Task to complete ::
Starting at the first line of the records and stopping at the line that contains "dental-sciences-figure14", transcribe every line exactly and leave out the pictures.

────────

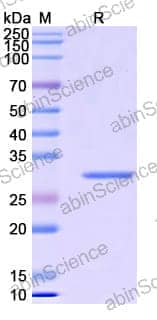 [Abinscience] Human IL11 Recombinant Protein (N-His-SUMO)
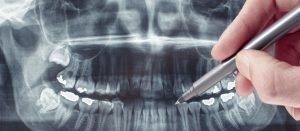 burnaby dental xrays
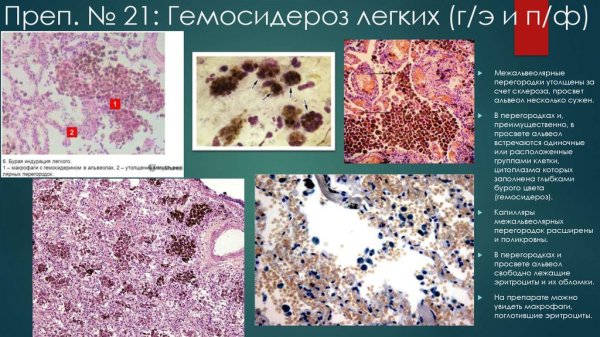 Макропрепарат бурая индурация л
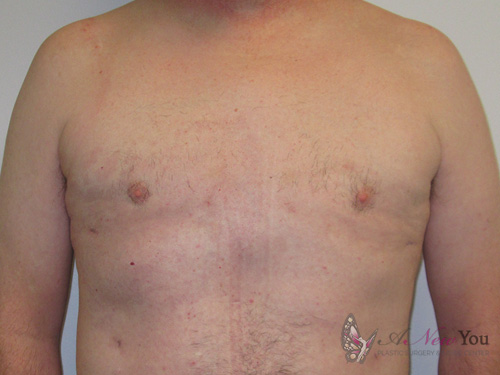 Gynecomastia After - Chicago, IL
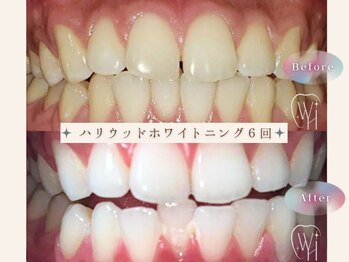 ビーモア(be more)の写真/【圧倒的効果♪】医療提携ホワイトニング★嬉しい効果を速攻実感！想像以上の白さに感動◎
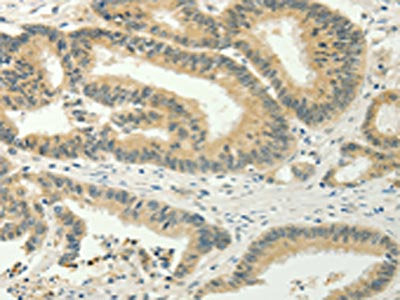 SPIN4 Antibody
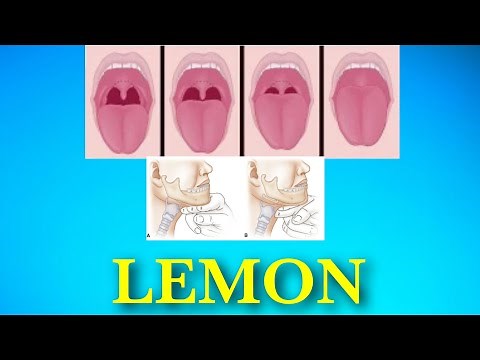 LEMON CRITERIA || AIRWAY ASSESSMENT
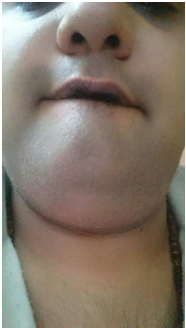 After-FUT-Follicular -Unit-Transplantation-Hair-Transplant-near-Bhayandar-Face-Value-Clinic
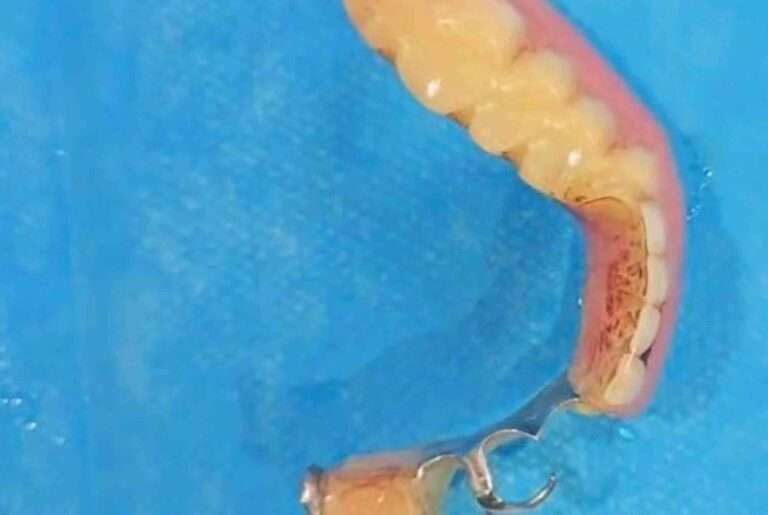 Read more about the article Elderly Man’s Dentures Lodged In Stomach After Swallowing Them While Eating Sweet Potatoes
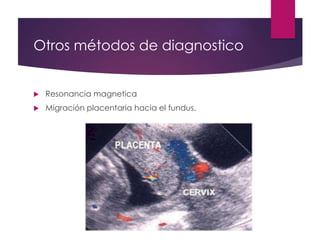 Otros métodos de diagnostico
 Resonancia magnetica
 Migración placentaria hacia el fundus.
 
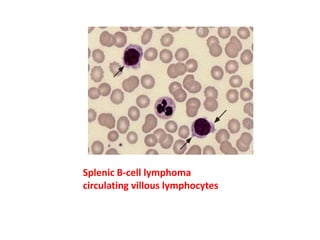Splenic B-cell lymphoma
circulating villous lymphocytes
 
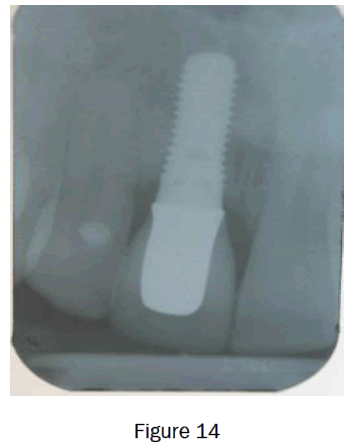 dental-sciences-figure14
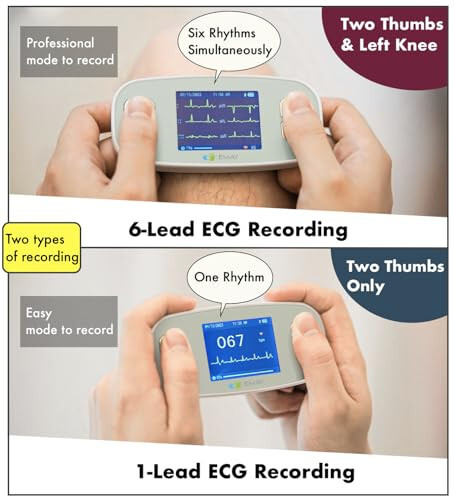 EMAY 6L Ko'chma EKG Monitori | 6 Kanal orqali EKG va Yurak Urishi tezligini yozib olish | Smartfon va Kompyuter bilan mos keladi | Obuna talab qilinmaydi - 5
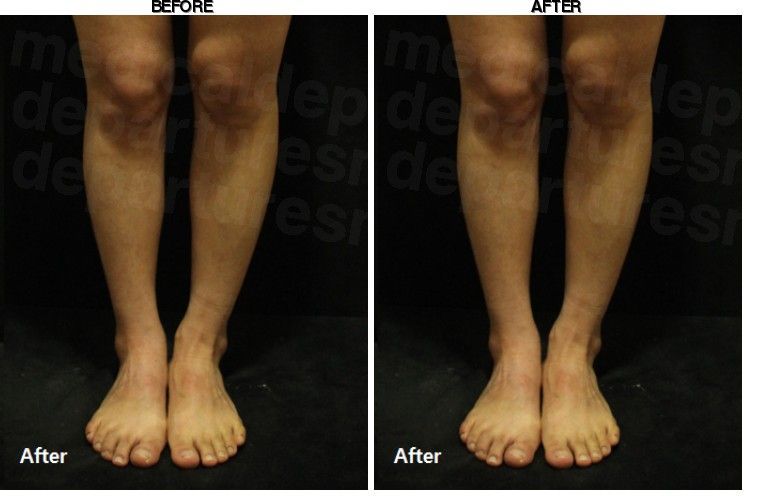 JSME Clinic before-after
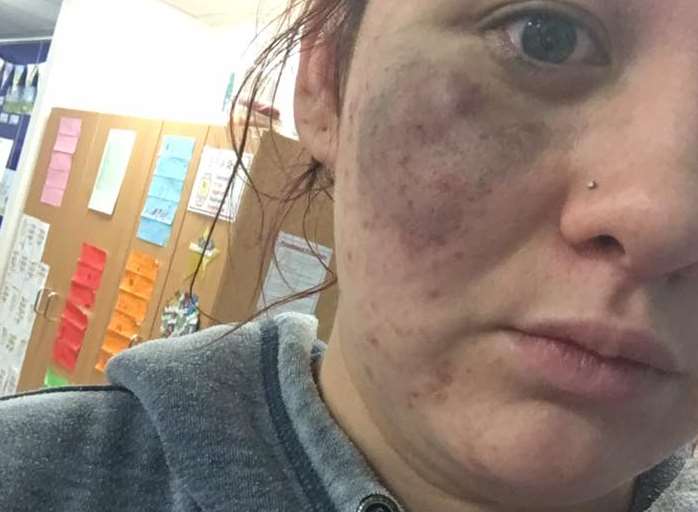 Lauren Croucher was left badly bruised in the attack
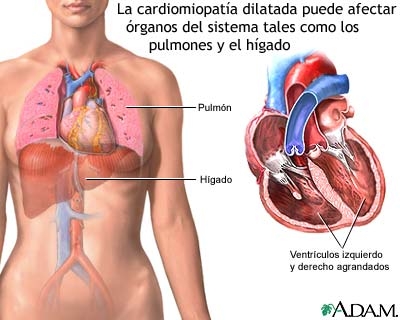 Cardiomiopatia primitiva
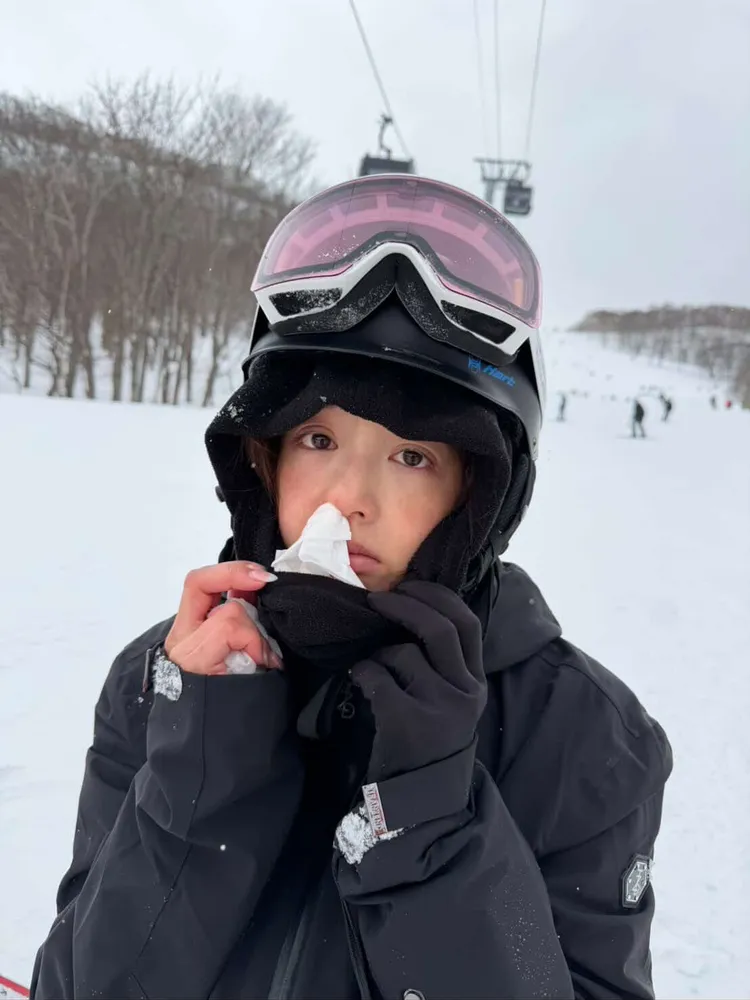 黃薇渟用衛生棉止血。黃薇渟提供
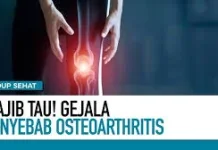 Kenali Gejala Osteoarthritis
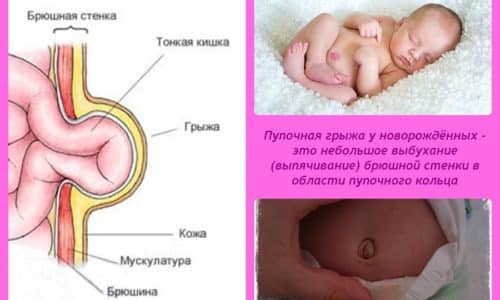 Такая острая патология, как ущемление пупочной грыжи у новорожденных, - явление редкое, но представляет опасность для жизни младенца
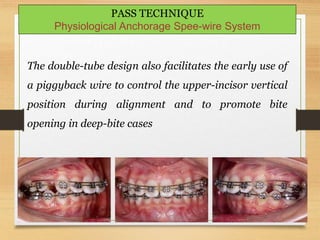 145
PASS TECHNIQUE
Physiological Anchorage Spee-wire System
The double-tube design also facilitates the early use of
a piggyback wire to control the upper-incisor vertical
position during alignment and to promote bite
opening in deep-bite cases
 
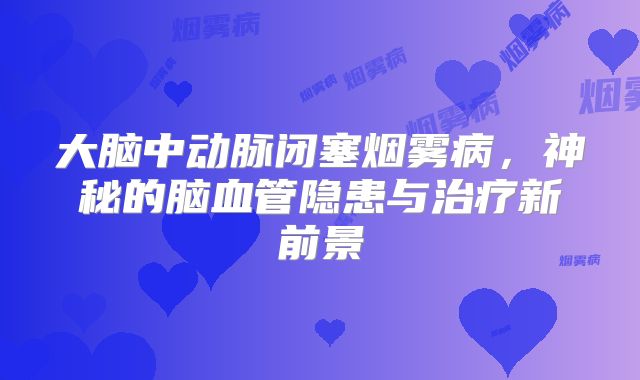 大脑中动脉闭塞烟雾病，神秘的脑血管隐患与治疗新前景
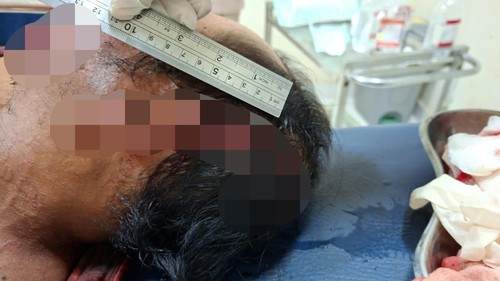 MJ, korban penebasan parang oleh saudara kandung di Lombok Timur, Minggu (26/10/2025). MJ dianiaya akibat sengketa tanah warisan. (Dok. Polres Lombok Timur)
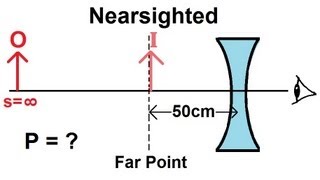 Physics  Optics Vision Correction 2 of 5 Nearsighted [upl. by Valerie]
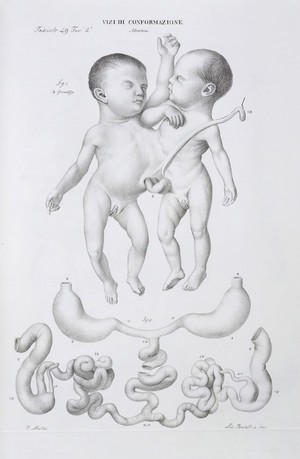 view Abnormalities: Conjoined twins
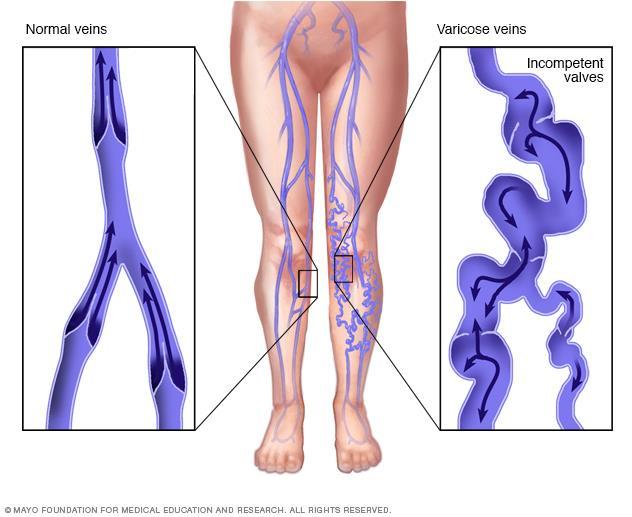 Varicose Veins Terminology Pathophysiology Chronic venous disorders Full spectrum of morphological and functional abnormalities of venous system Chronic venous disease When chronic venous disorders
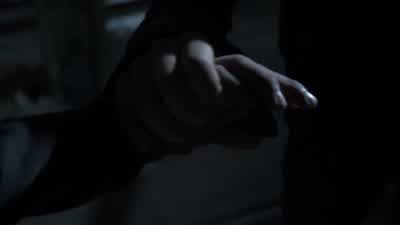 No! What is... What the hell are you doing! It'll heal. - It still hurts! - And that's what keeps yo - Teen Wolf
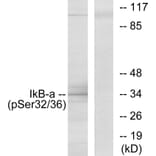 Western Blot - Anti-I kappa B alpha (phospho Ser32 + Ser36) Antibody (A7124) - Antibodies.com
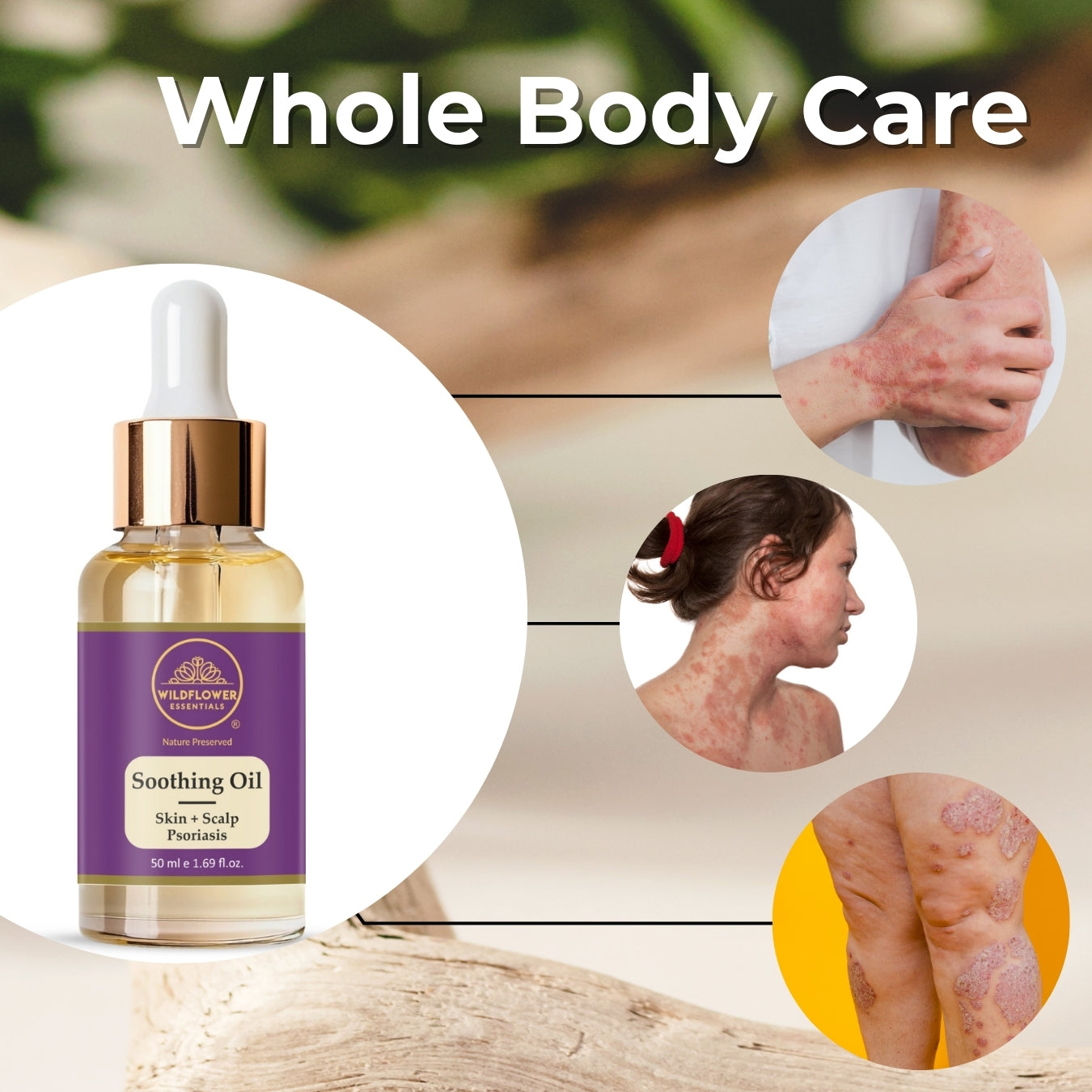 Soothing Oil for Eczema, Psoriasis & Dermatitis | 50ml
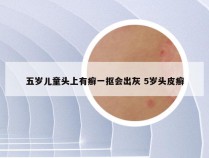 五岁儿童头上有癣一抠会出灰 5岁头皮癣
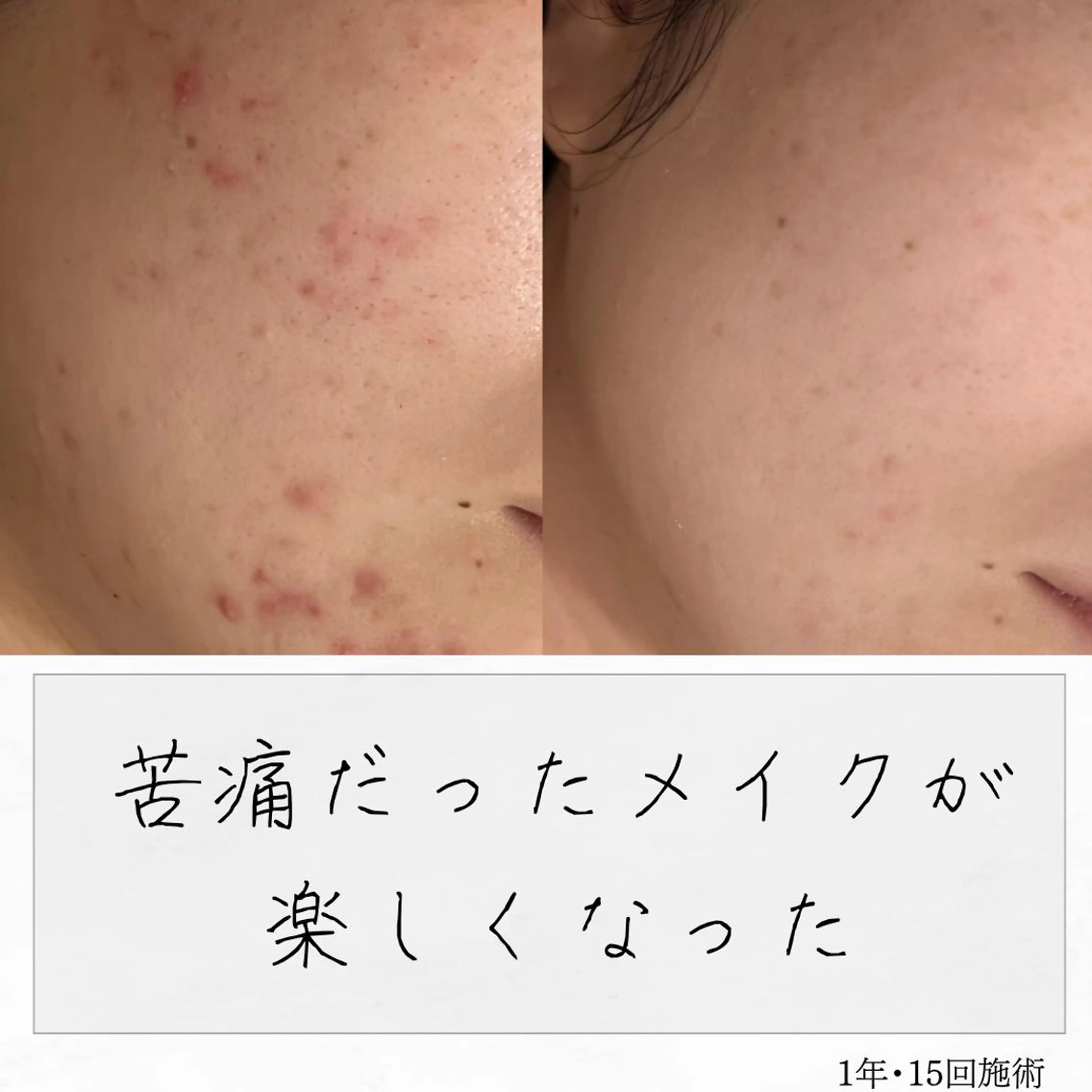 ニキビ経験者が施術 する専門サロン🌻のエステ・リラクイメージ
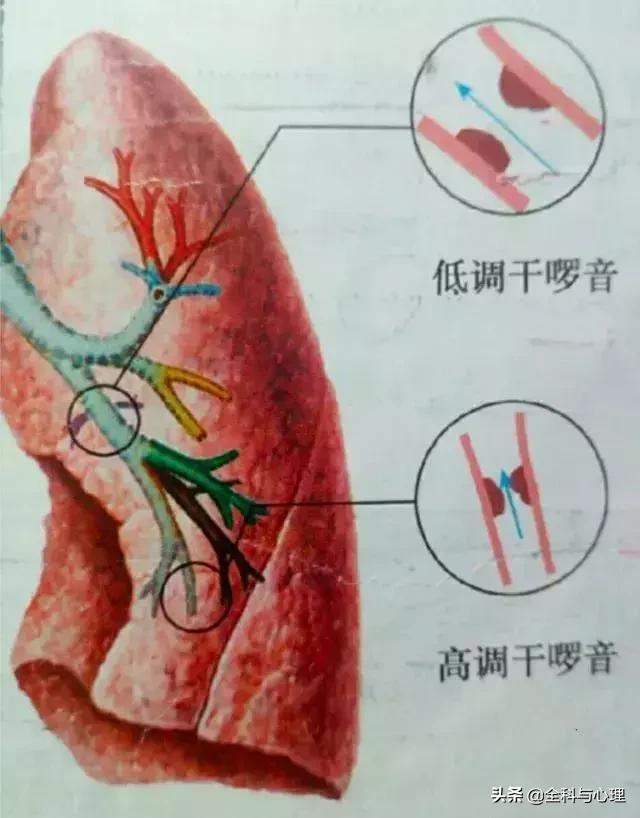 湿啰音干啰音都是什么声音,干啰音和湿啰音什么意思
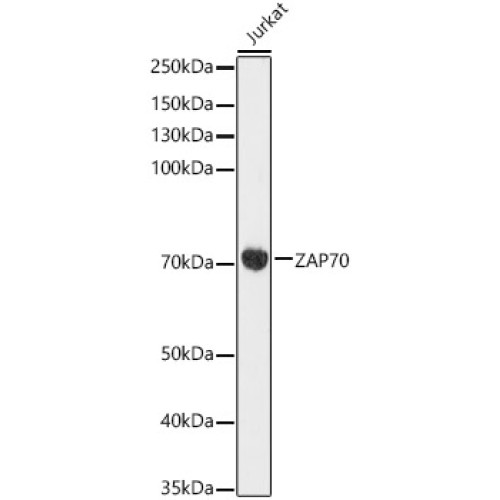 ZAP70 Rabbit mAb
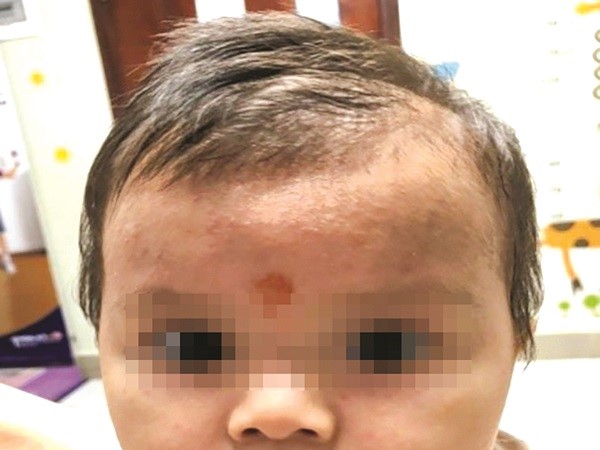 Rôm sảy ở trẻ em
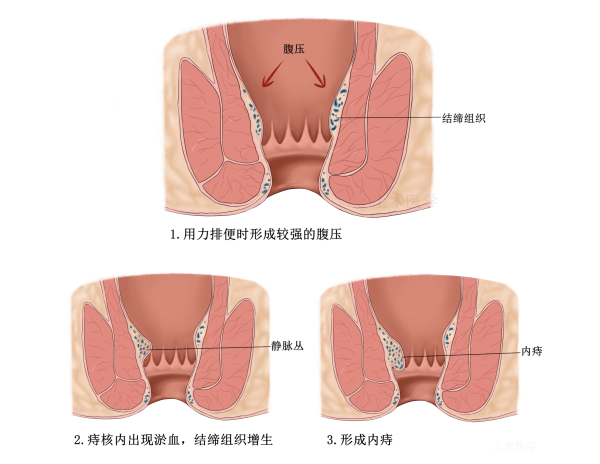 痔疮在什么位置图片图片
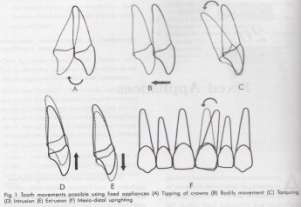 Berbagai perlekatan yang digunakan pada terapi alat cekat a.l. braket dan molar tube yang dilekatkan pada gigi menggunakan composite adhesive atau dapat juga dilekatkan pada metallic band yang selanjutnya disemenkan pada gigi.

────────

Task solution ::
 [Abinscience] Human IL11 Recombinant Protein (N-His-SUMO)
 burnaby dental xrays
 Макропрепарат бурая индурация л
 Gynecomastia After - Chicago, IL
 ビーモア(be more)の写真/【圧倒的効果♪】医療提携ホワイトニング★嬉しい効果を速攻実感！想像以上の白さに感動◎
 SPIN4 Antibody
 LEMON CRITERIA || AIRWAY ASSESSMENT
 After-FUT-Follicular -Unit-Transplantation-Hair-Transplant-near-Bhayandar-Face-Value-Clinic
 Read more about the article Elderly Man’s Dentures Lodged In Stomach After Swallowing Them While Eating Sweet Potatoes
 Otros métodos de diagnostico
 Resonancia magnetica
 Migración placentaria hacia el fundus.
 
Splenic B-cell lymphoma
circulating villous lymphocytes
 
 dental-sciences-figure14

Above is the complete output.